- [Task instructions]:
Your copy of the entries below should hold exactly the lines from the one containing "伍尔弗汉普顿Ideal 3 bed" to the one containing "Ford Mustang V6", inclusive, and no pictures.

[Task data]

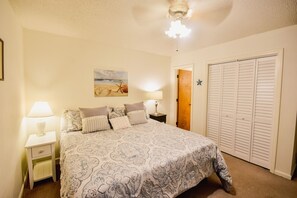 Appartement, 2 slaapkamers | 2 slaapkamers, een strijkplank/strijkijzer, gratis wifi, beddengoed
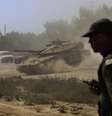 <p>Tanques israelenses se deslocam próximo à Faixa de Gaza em 1º de agosto</p>  Foto: Tsafrir Abayov / AP
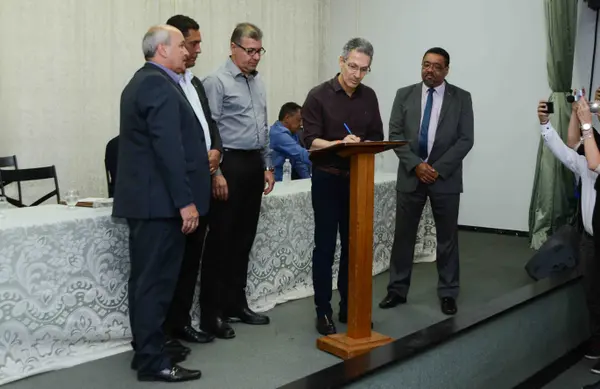 Governador assina termo de compromisso para que 100% dos municípios da região participem do programa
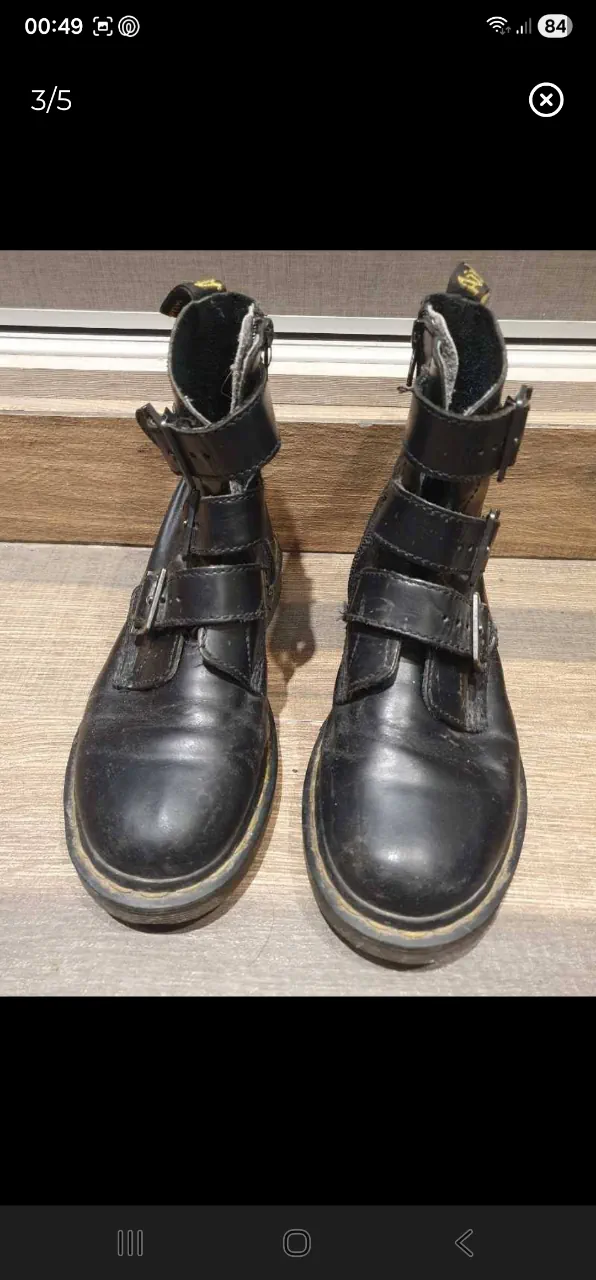 Dr. Martens · Talle AR 36
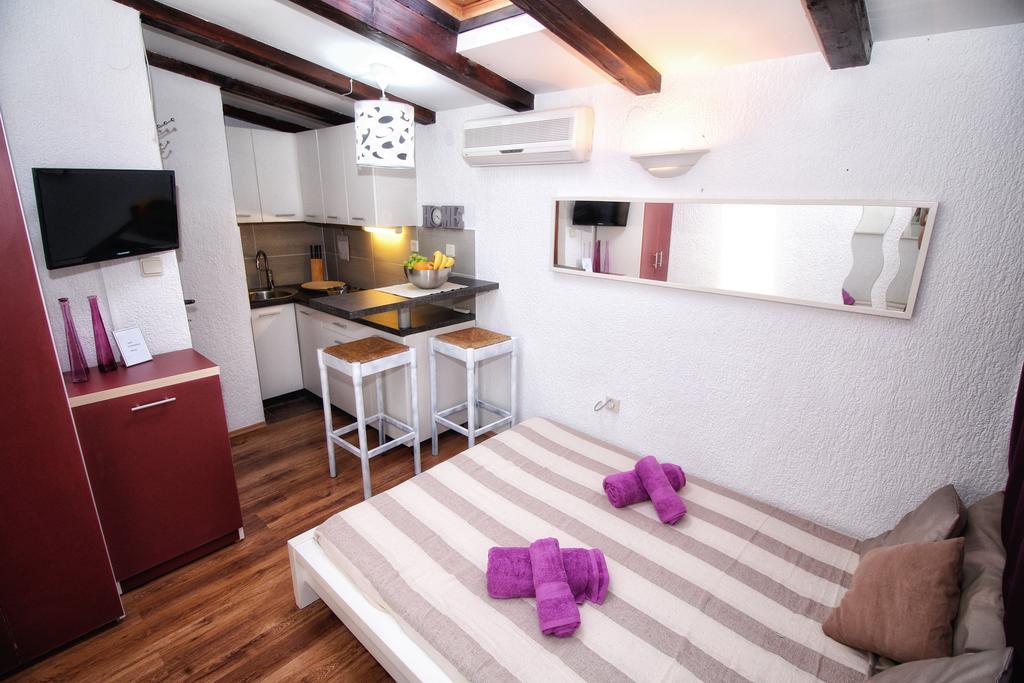 Apartments Nevija Ровінь Екстер'єр фото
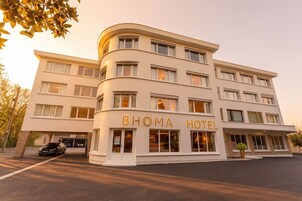 Esteetön pysäköinti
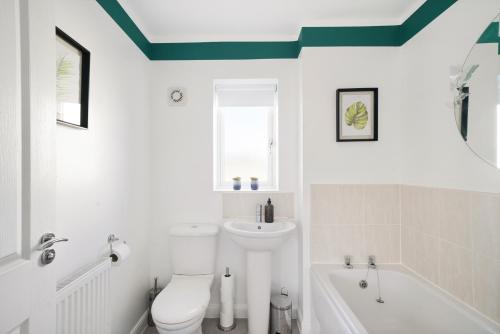伍尔弗汉普顿Ideal 3 bed House in Wolverhampton - Parking的浴室配有白色卫生间和盥洗盆。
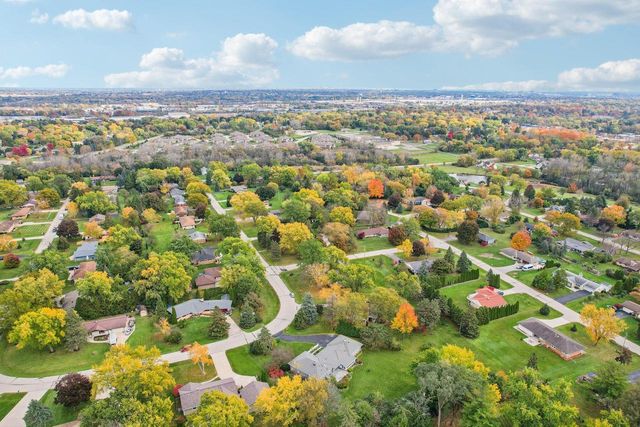 4425 N 143rd STREET, Brookfield, WI 53005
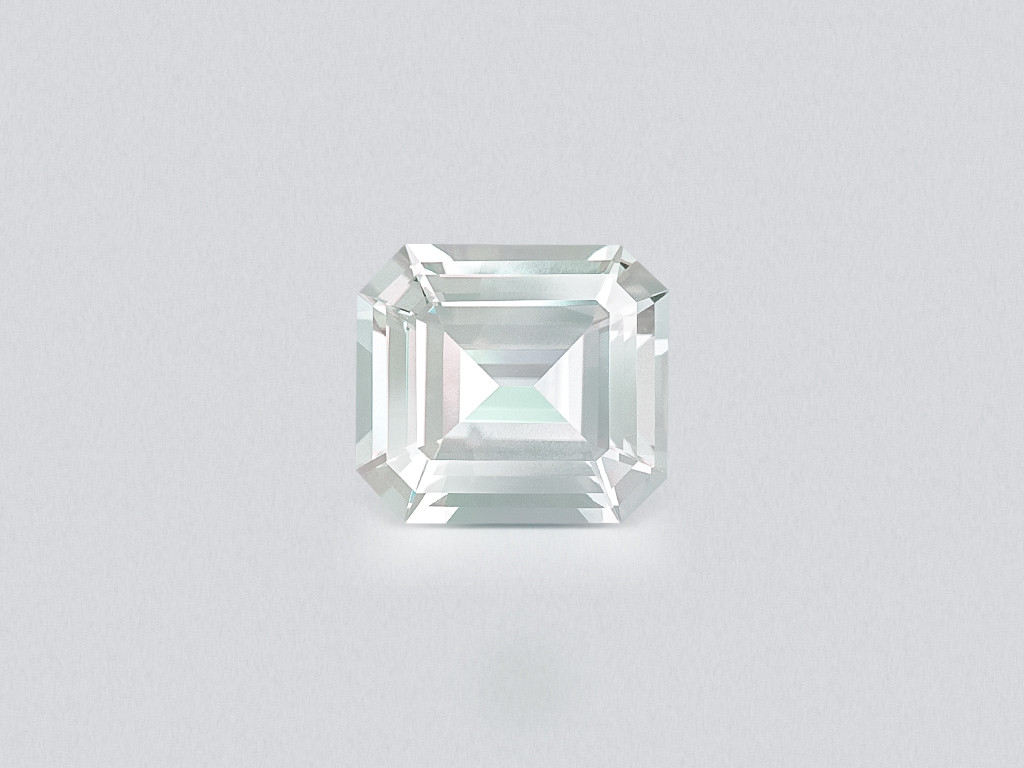 Kunzite light green octagon cut 9.74 carats, Pakistan Image №1
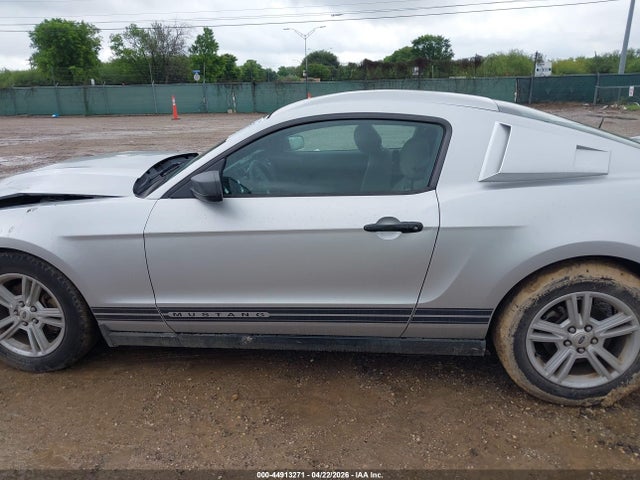 Ford Mustang V6
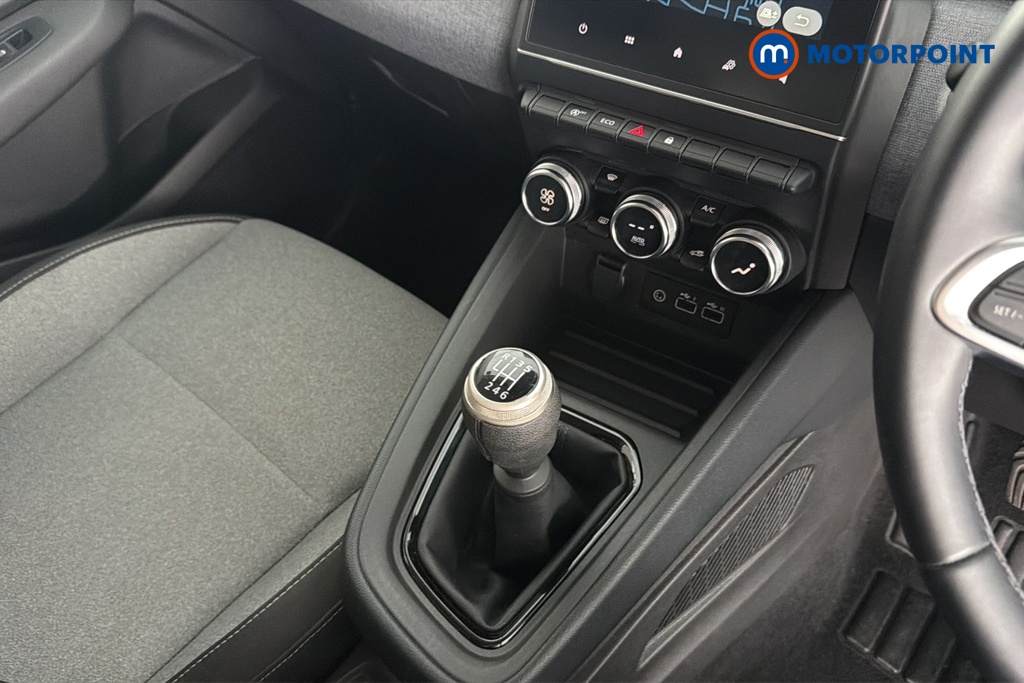 Renault Clio Evolution Manual Petrol Hatchback - Stock Number (1655906) - 15th supplementary image
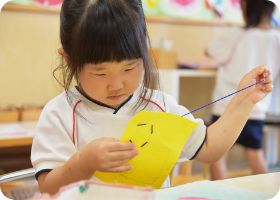色画用紙を使った製作に取り組む園児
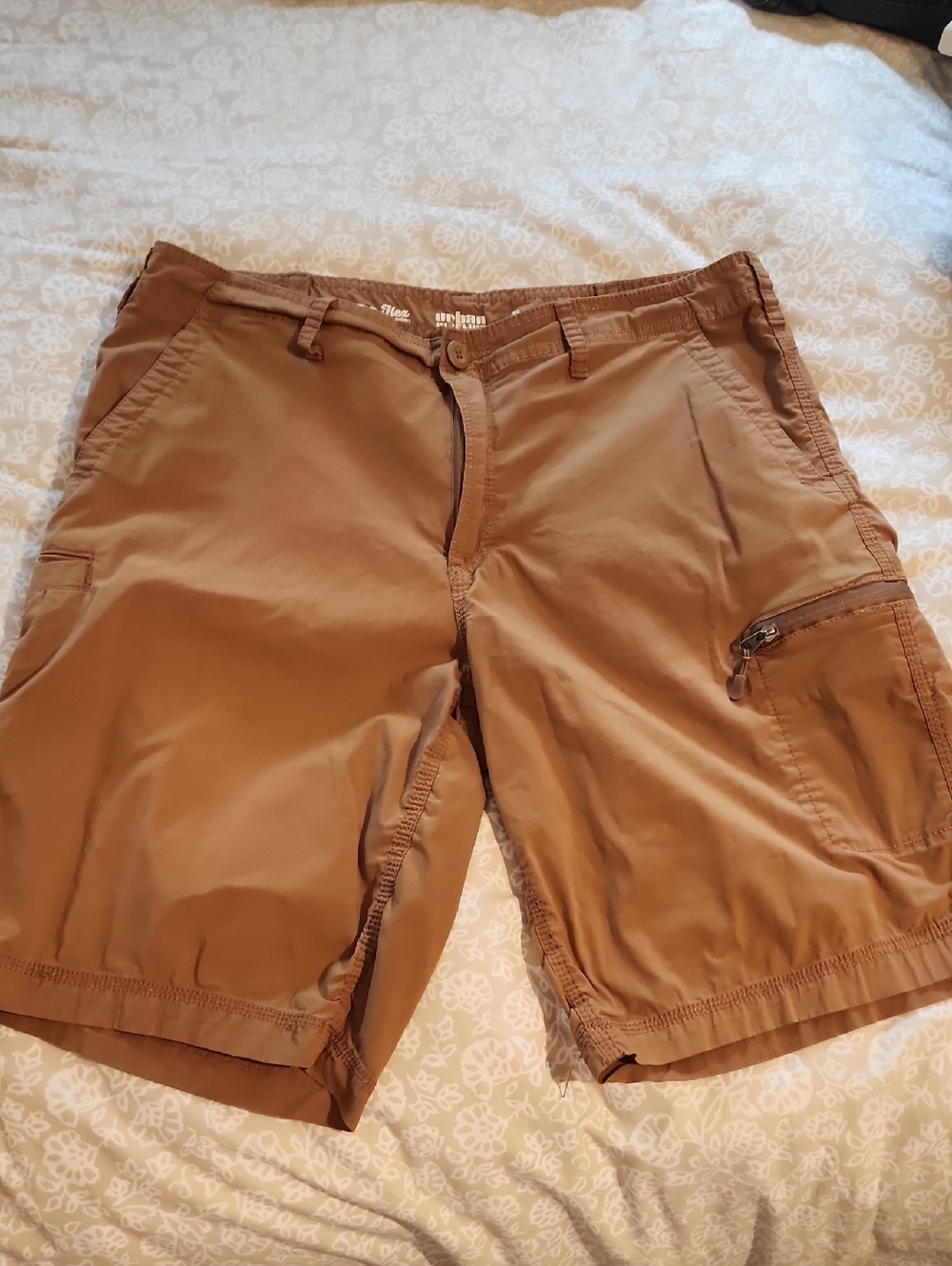 Mens Urban Pipeline Tan Cargo Shorts with Zipper Pocket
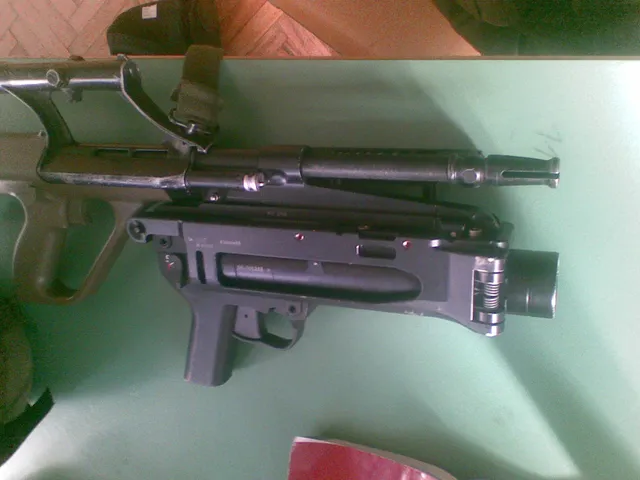 Steyr AUG rifle, 5.56 mm bullpup assault rifle family, Infantry Weapons - view 4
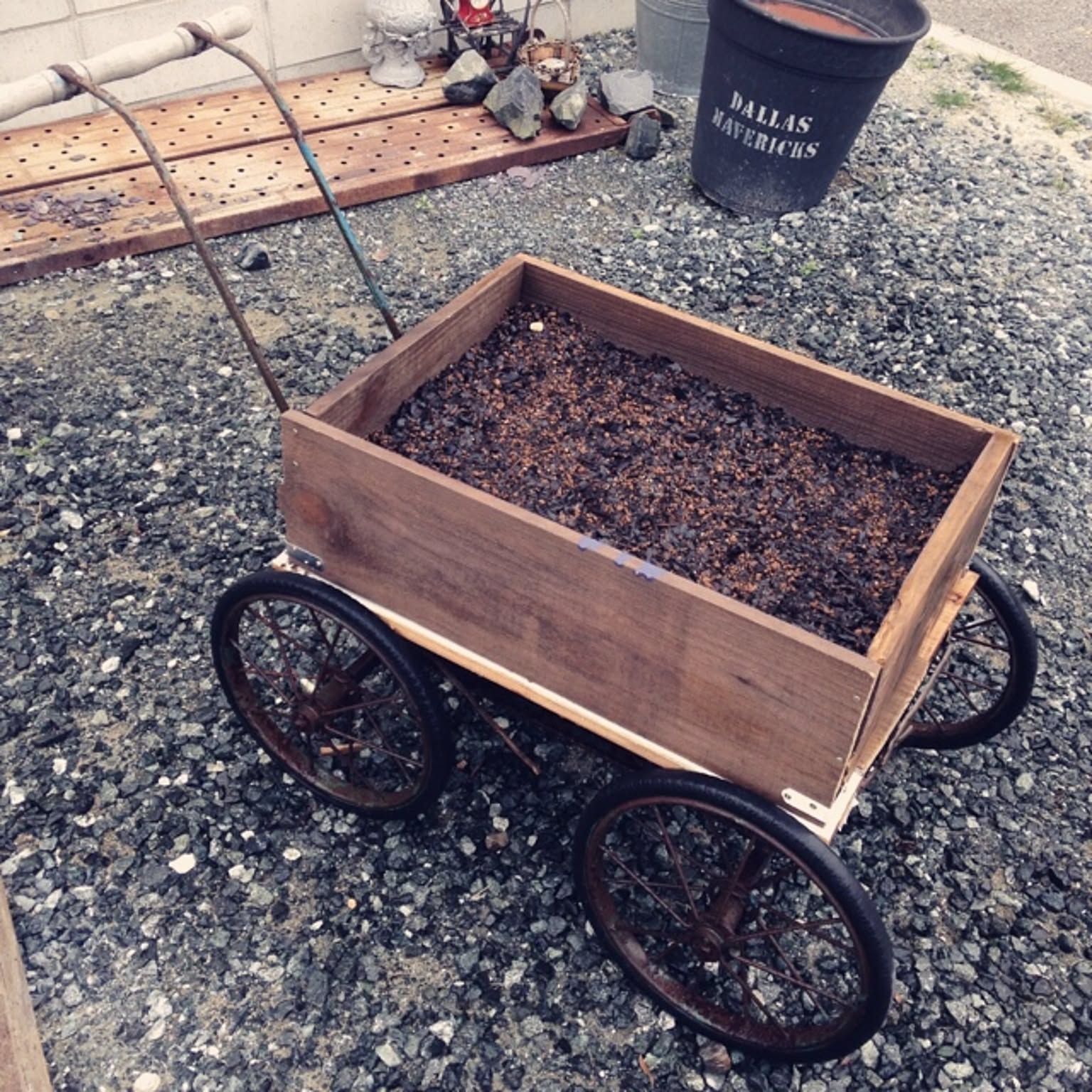 アンティーク な乳母車　ガ-デン雑貨 ジャンクガ-デン imgrc0082235031.jpg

[/Task data]

- [Written answer]:
伍尔弗汉普顿Ideal 3 bed House in Wolverhampton - Parking的浴室配有白色卫生间和盥洗盆。
 4425 N 143rd STREET, Brookfield, WI 53005
 Kunzite light green octagon cut 9.74 carats, Pakistan Image №1
 Ford Mustang V6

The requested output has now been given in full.